Work request -> Repeat the listing word for word. Leave every picture out.

Source material ->
◇ ◇ ◇ ◇ ◇ ◇ ◇
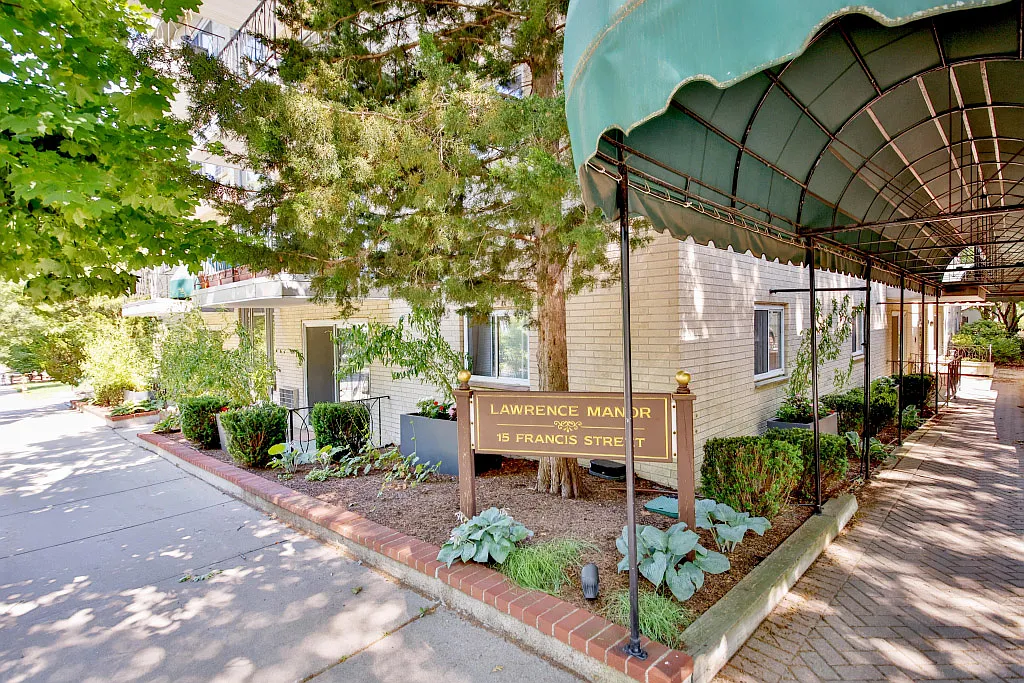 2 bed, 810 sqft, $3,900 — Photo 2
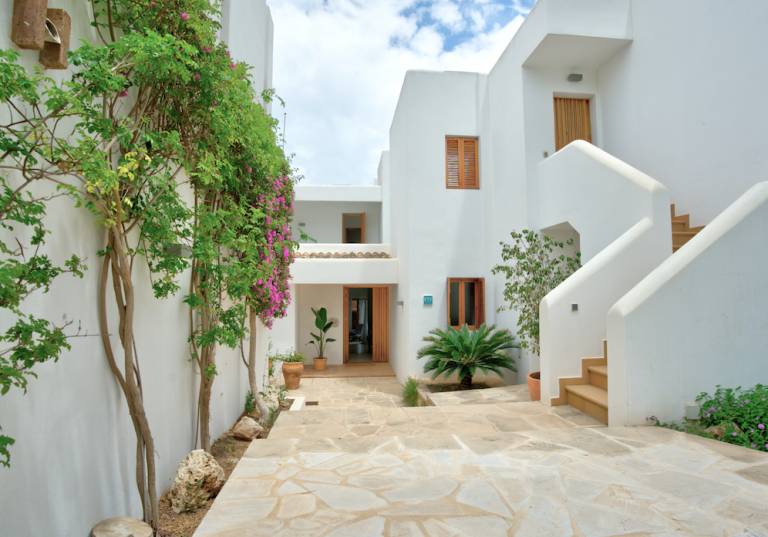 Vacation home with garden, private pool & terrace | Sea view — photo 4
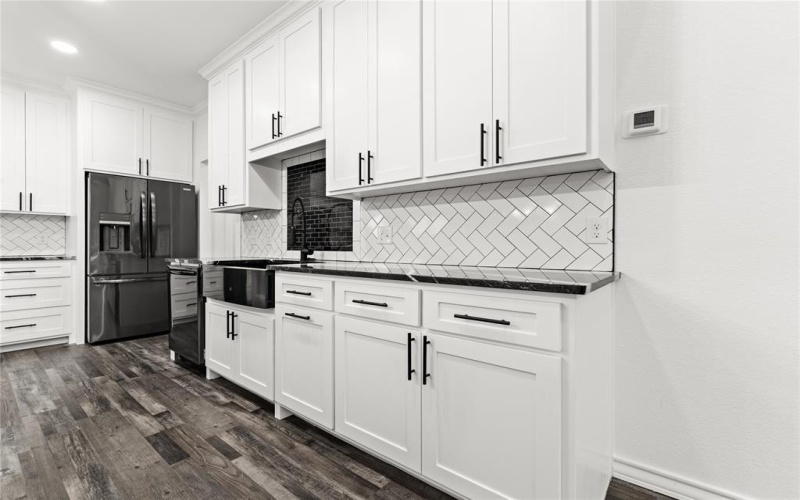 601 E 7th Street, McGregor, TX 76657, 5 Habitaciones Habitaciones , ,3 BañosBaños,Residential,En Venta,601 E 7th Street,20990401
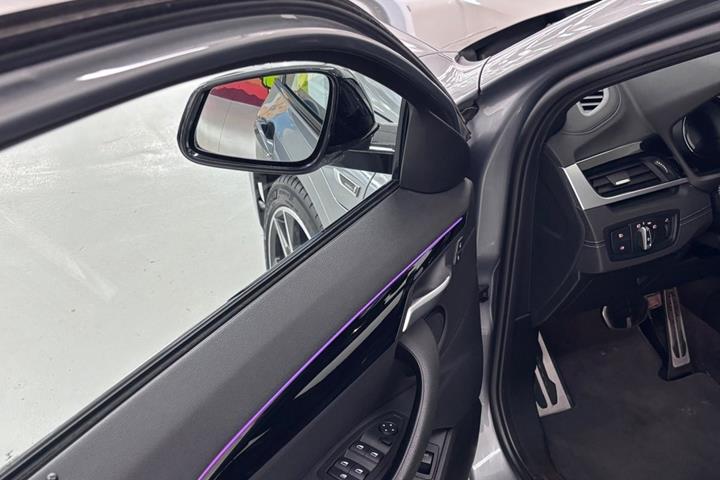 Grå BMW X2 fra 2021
◇ ◇ ◇ ◇ ◇ ◇ ◇
Exercise response ->
 2 bed, 810 sqft, $3,900 — Photo 2
 Vacation home with garden, private pool & terrace | Sea view — photo 4
 601 E 7th Street, McGregor, TX 76657, 5 Habitaciones Habitaciones , ,3 BañosBaños,Residential,En Venta,601 E 7th Street,20990401
 Grå BMW X2 fra 2021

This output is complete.